IV fluids may be given to address dehydration, and it can help to feed your cat wet foods. Specific food supplements may be advised, as well as medications to control symptoms.
There is no way to cure this disease so always buy from a reputable breeder and ask if they have screened their breeding cats for this disease.
Talk to your vet if you think your cat might be suffering from this condition.

Hypertrophic cardiomyopathy is an abnormal thickening of walls of the heart, and the most common cause of heart disease in cats. The heart walls in sufferers become too muscular making the main heart chamber, small. This has the effect of reducing the general volume of blood that can be moved with each beat, can create abnormal blood flow in the heart and an abnormally dilated left atrium.

Due to the subtle nature of this condition, it can often go undiagnosed.

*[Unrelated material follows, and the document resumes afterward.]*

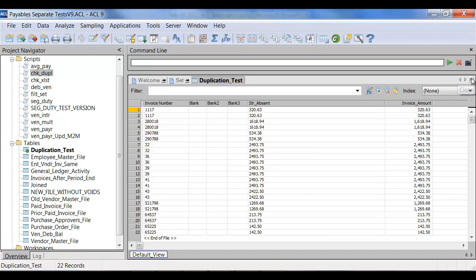This reversal logic can really be utilized anywhere — it doesn't have to be just in accounts payable. This type of reversal program can be utilized in other areas; I've used it in the inventory area as well, when trying to remove adjustments from a particular file.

A heart murmur, or arrhythmia, may be the first signs of this disease, however, there are several other warning signs. Rapid, laboured breathing, extreme lethargy, blood clots, and collapsing can be indicative of this condition, too.
In order to diagnose this condition your vet may do chest x-rays, an Electrocardiogram to find out of there is an abnormal rhythm, blood tests, blood pressure monitoring, and an Echocardiogram to pinpoint the issue.
Treatment for this condition can involve hospitalisation for several days to treat the effects of congestive heart failure. Other treatment might include oxygen therapy, diuretics, medication and blood pressure monitoring. Treatment will typically focus on lowering the impact of the condition using medication in order to give your cat the best quality of life possible. With the proper support, care, and medication, some cats with this condition can live for years.

Talk to your vet for advice on what to do if you think your cat suffers from HCM.

This condition occurs when the thyroid, a gland in your cat’s neck, produces too much thyroid hormone. This can be due to a benign tumour within the gland, or something more serious. 

Your cat might be hungrier than usual but lose weight despite eating more. They could be thirstier and need to wee more. The condition can create behavioural changes, such as general increased activity, restlessness and in more extreme cases, an increase in aggression. The fur of the cat may look greasy and poorly groomed.

This condition is treated in several ways. Medication can address the increased hormone levels, while radiation therapy or surgery are also options to remove the tumour. A prescription diet may also be recommended. Talk to your vet if you have any worries or think your cat might be suffering from Hyperthyroidism.

Fun facts

  • The British Shorthair may have been the inspiration for Lewis Carroll’s Cheshire Cat in Alice’s Adventures in Wonderland and because of the shape of their mouths the Shorthair is described as a “smiling” cat. 
  • The British Shorthair has been the most popular pedigree cat in the UK since 2001. 
  • This breed is particularly good with children - it is calm, confident, plays well with kids and loves the attention.